(Short text fragments from websites)

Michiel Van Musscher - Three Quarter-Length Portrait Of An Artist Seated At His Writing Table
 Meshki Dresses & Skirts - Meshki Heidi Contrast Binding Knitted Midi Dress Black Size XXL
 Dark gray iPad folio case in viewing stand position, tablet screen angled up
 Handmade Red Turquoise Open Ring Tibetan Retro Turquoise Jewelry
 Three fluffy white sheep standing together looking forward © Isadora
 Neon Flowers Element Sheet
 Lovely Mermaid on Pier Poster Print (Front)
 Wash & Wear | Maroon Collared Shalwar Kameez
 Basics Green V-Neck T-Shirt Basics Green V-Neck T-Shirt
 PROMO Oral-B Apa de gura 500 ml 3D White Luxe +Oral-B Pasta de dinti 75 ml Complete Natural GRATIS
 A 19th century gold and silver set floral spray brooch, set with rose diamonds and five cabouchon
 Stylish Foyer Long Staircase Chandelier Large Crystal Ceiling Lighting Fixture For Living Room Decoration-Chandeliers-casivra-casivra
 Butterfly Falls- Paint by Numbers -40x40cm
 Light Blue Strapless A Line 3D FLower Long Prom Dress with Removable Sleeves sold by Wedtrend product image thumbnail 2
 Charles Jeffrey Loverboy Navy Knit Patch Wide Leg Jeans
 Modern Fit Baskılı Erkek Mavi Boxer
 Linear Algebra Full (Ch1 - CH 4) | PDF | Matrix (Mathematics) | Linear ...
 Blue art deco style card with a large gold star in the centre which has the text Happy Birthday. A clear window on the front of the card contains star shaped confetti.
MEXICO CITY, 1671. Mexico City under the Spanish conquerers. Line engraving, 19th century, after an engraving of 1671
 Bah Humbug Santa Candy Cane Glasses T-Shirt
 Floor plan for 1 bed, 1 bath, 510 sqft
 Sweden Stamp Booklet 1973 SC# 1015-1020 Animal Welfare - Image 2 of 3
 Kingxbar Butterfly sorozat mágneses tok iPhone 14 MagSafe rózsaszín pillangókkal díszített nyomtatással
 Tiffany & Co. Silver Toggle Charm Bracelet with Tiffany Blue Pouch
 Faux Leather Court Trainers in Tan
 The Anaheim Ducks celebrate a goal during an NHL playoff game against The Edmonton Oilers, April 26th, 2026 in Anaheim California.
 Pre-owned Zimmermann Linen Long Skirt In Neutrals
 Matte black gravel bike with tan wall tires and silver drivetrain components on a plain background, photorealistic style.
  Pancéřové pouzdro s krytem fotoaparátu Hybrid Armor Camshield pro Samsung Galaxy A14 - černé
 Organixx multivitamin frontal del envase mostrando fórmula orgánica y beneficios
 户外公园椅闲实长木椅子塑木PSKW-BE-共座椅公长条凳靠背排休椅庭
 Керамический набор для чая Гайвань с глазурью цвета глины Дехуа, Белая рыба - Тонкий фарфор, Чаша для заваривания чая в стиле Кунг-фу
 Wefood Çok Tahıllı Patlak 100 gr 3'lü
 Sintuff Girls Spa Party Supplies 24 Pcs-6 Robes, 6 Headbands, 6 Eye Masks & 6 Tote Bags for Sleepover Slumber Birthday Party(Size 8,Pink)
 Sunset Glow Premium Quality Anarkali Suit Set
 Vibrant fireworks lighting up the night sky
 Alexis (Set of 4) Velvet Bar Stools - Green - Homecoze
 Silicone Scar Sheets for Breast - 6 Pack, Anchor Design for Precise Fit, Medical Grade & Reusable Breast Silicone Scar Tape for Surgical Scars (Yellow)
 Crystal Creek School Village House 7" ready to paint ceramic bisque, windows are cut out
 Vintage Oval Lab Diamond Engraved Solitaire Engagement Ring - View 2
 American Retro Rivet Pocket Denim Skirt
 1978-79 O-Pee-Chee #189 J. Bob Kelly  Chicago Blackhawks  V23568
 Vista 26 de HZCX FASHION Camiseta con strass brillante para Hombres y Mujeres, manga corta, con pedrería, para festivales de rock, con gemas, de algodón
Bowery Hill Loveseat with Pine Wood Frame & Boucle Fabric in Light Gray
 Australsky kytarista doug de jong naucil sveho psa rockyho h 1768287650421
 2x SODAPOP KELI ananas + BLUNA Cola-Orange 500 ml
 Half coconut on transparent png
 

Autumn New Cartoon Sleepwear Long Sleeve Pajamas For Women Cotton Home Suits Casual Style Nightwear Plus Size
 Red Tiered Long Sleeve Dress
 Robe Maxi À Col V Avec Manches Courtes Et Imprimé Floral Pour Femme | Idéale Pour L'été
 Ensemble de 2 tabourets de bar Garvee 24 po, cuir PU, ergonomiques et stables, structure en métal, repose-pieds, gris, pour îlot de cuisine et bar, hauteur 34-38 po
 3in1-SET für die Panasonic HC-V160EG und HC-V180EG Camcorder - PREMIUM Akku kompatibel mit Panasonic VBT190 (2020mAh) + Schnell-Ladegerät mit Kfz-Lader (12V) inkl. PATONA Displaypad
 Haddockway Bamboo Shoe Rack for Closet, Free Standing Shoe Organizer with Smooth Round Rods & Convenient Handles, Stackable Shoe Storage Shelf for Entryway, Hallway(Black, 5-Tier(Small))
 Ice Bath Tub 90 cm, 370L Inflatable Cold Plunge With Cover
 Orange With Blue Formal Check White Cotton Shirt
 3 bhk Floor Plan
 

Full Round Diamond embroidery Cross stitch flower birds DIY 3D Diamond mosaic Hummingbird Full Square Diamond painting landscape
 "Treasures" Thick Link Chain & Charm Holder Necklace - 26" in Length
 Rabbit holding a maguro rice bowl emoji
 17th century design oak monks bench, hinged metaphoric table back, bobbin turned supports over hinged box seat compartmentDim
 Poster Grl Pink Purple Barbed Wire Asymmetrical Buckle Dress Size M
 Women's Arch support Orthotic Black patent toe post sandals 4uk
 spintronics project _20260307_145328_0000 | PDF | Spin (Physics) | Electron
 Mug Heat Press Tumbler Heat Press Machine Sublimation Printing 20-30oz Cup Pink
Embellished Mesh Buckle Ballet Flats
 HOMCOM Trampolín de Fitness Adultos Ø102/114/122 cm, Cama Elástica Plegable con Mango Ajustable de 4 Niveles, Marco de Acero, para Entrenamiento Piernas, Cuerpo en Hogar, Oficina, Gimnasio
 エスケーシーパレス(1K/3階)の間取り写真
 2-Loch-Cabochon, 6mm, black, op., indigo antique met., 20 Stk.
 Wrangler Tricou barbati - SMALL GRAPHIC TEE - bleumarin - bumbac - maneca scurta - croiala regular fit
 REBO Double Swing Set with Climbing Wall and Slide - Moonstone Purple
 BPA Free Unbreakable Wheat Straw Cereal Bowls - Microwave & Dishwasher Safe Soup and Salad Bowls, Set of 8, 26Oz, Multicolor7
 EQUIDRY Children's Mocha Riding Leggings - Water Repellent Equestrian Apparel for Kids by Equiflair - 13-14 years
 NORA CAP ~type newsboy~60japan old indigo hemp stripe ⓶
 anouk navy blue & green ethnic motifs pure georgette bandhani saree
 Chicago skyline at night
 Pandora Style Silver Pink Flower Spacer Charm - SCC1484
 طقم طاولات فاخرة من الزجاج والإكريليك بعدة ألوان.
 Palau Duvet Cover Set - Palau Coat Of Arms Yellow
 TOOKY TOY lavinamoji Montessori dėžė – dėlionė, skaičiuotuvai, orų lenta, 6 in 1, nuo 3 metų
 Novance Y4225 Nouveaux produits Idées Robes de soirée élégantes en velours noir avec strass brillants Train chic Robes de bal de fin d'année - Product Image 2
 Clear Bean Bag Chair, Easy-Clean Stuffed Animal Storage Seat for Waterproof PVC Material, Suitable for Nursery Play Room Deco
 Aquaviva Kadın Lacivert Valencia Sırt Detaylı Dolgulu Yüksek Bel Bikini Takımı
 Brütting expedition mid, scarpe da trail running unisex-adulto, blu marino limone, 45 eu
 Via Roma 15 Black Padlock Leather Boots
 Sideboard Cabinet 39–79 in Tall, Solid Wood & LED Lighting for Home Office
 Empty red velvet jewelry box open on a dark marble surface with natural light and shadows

» TASK DIRECTIONS
All lines with the word "century" are needed; pull them from the entries and copy each.

» ANSWER FOR THIS EXERCISE
 A 19th century gold and silver set floral spray brooch, set with rose diamonds and five cabouchon
MEXICO CITY, 1671. Mexico City under the Spanish conquerers. Line engraving, 19th century, after an engraving of 1671
 17th century design oak monks bench, hinged metaphoric table back, bobbin turned supports over hinged box seat compartmentDim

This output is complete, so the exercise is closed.